- _Aim of the task_: Beginning with the line that contains "Libro aperto con una matita e note" and ending with the last line of the records, write out each line exactly and omit the pictures.

(Captioned web image data)
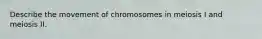 Describe the movement of chromosomes in meiosis I and meiosis II.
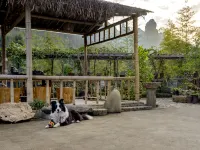 Xianju Wanwan Farm Stay - Farmhouses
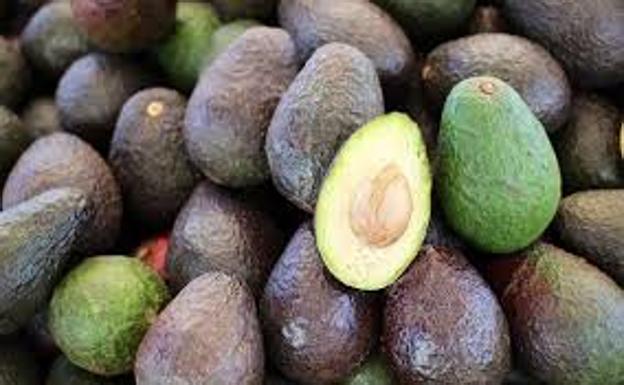 Una pareja le roba 150 kilos de aguacates al dueño de una finca en Guájar Fondón (Granada)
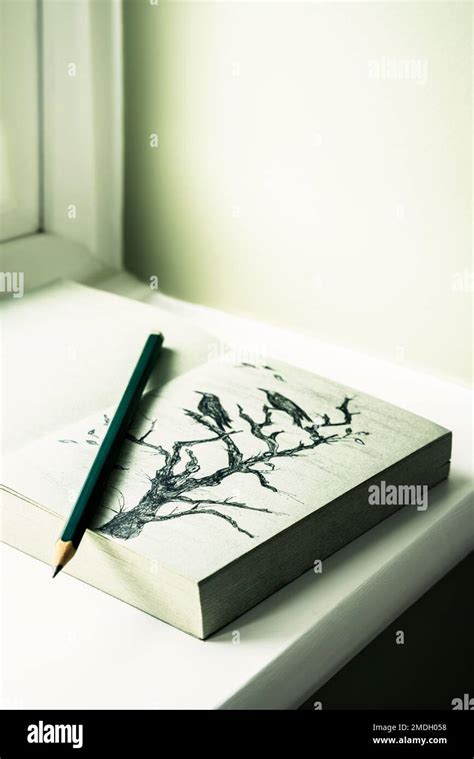 Libro aperto con una matita e note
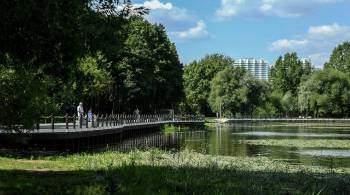 В четырех парках Москвы перед их реабилитацией откроют инфоцентры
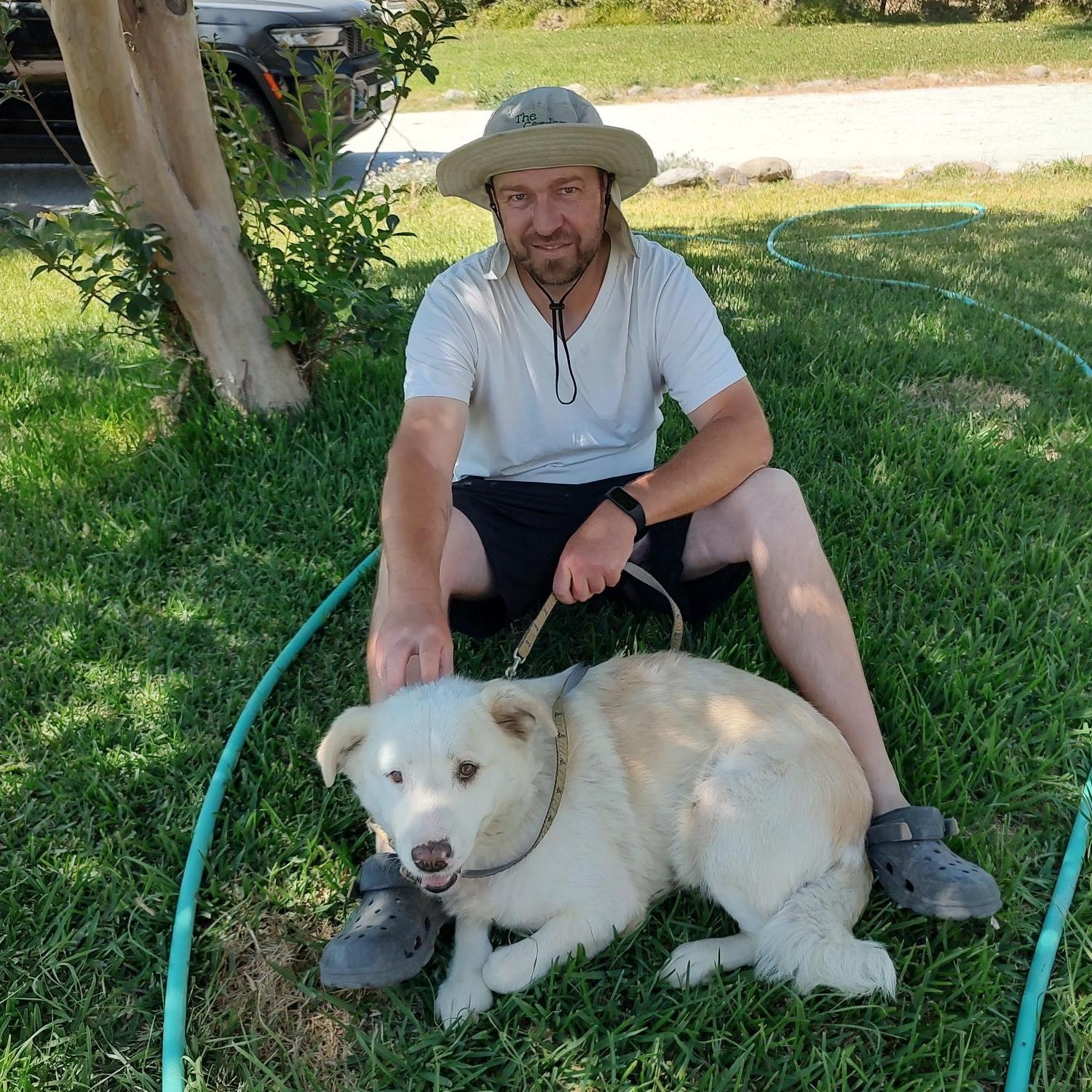 Enlarge Margie, a Adoptable mixed breed in Hollister, CA image 1/4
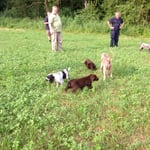 spielen mit den anderen Jagdhunden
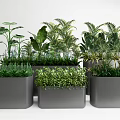 Green Leafy Potted Plants in Gray Containers for Modern Interior Decor 3d model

- _Result for this task_:
 Libro aperto con una matita e note
 В четырех парках Москвы перед их реабилитацией откроют инфоцентры
 Enlarge Margie, a Adoptable mixed breed in Hollister, CA image 1/4
 spielen mit den anderen Jagdhunden
 Green Leafy Potted Plants in Gray Containers for Modern Interior Decor 3d model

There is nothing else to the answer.